▶ [Description of the task] Quote the whole listing word for word. Do not include the pictures.

▶ [Information supplied]

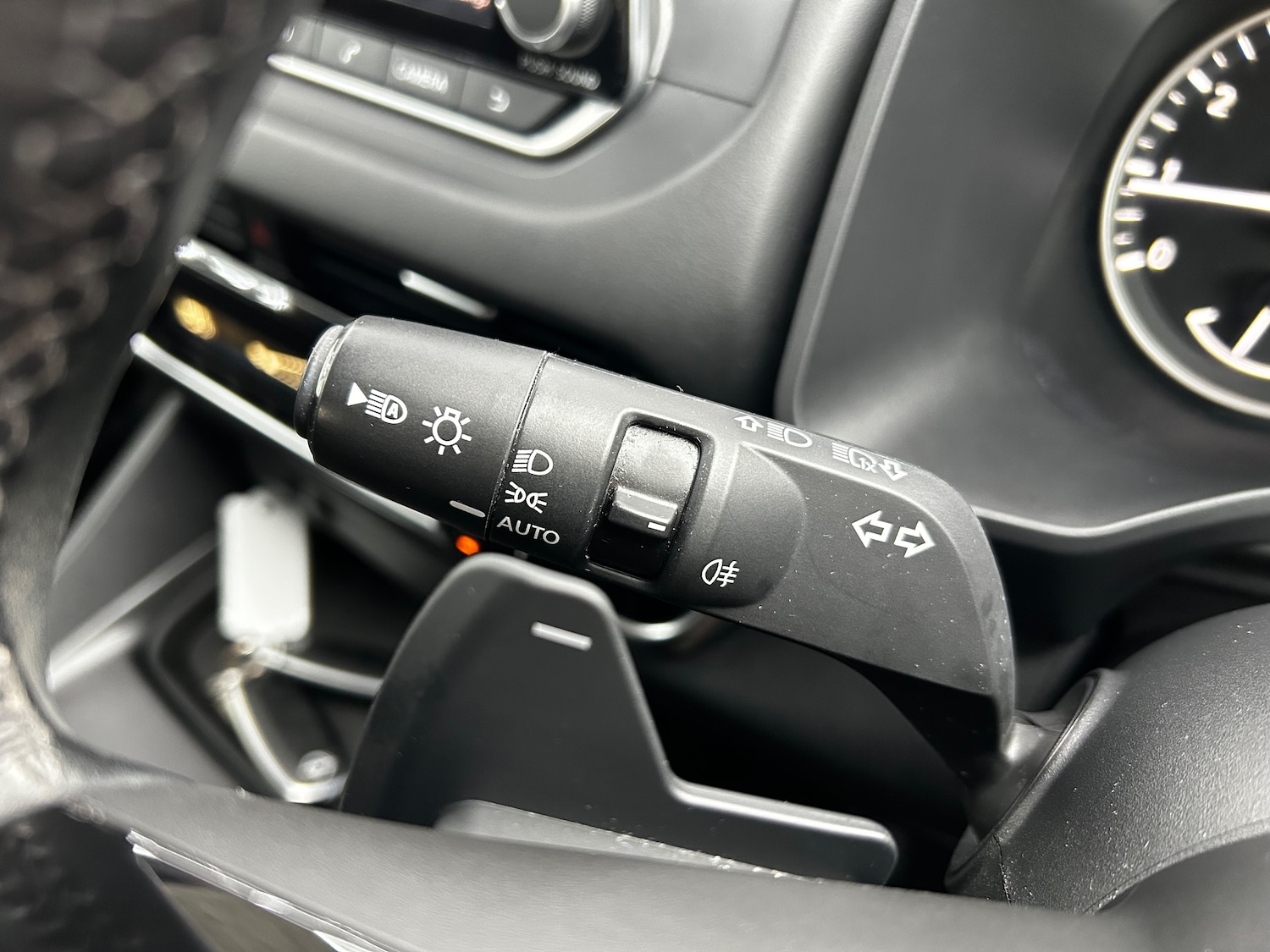 Used Nissan Qashqai 2023 for sale - 76613505: Photo 13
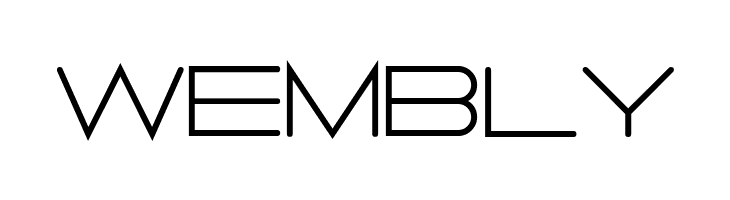 Salaryman  Free Fonts Download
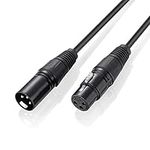 (3M/10FT) XLR Cable, Proxima Direct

▶ [Expected answer]
 Used Nissan Qashqai 2023 for sale - 76613505: Photo 13
 Salaryman  Free Fonts Download
 (3M/10FT) XLR Cable, Proxima Direct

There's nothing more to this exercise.